# wr mobile



## Bienvenidos

l am writing from my pda. lt is hard to use wr. can a mobile version be accessed as with other sites?


----------



## roxcyn

And I am thinking the answer is "no", sorry about that, unless someone can say otherwise?

Pablo


----------



## Flaminius

There is a PDA version for archives.  But then again, posting in PDA version is not supported.

1. Log out.
2. Click * Archive* at the bottom of the index page.
3. Click PDA and login.


----------



## Bienvenidos

Flaminius said:


> There is a PDA version for archives.  But then again, posting in PDA version is not supported.
> 
> 1. Log out.
> 2. Click * Archive* at the bottom of the index page.
> 3. Click PDA and login.



That's great.  Thank you so much!


----------



## ILT

There's also www.wrmob.com. It takes you to a page without images that's really easy to use. I use it whenever I'm not at my computer  Of course, this one is for the dictionaires. I've accesed the forum from there, but I don't have the patience to participate in the forum from my mobile.


----------



## Bienvenidos

I love translating said:


> There's also www.wrmob.com. It takes you to a page without images that's really easy to use. I use it whenever I'm not at my computer  Of course, this one is for the dictionaires. I've accesed the forum from there, but I don't have the patience to participate in the forum from my mobile.



Awesome!  Thanks a bunch!


----------



## timpeac

Hi, any plans to extend the mobile version to include a "forum-lite" as well as the dictionaries?
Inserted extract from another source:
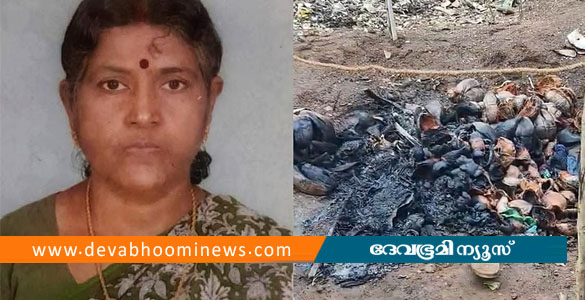 വീട്ടിൽ ചിതയൊരുക്കി ജീവനൊടുക്കാൻ ശ്രമിച്ച വീട്ടമ്മ ചികിത്സയിലിരിക്കെ മരിച്ചു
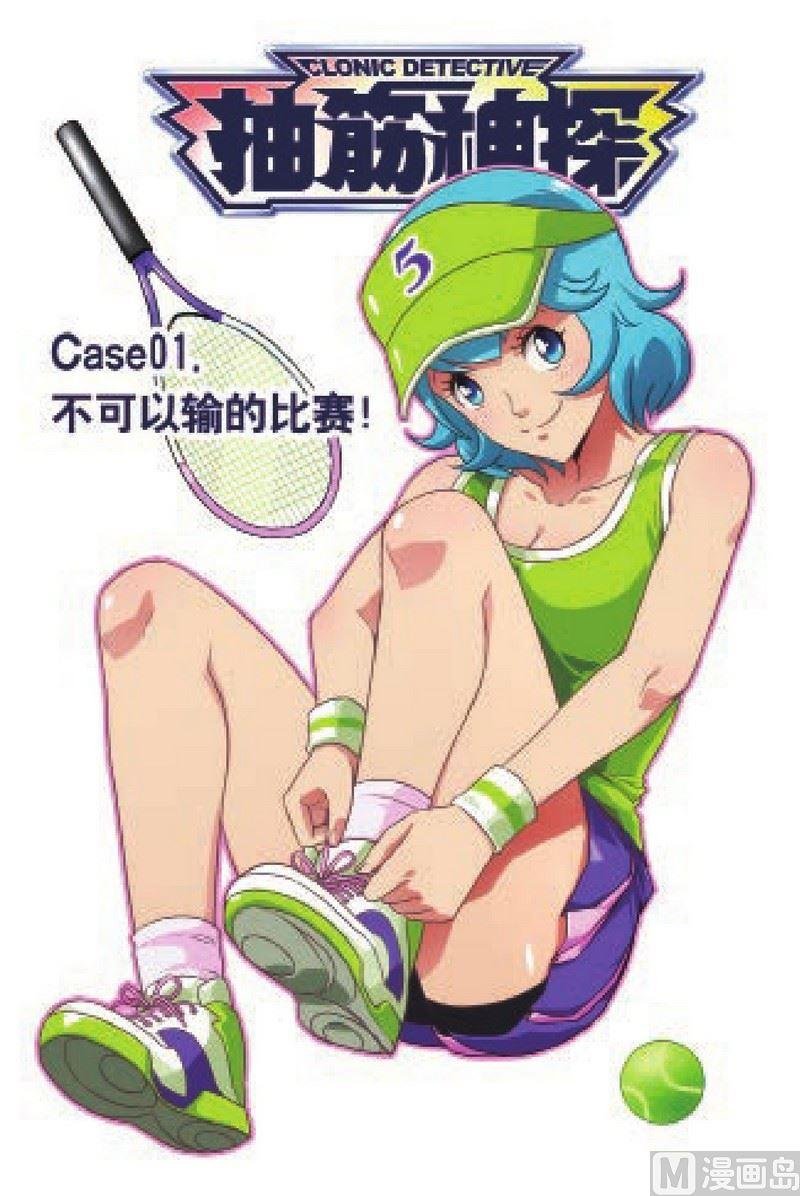 Case.01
The forums are rather unuser-friendly from a mobile/cell phone.


----------



## mkellogg

timpeac said:


> Hi, any plans to extend the mobile version to include a "forum-lite" as well as the dictionaries?


Maybe when vBulletin comes out with version 4.0...


----------



## samlj

mkellogg said:


> Maybe when vBulletin comes out with version 4.0...



That would be great! I would like to see that too.


----------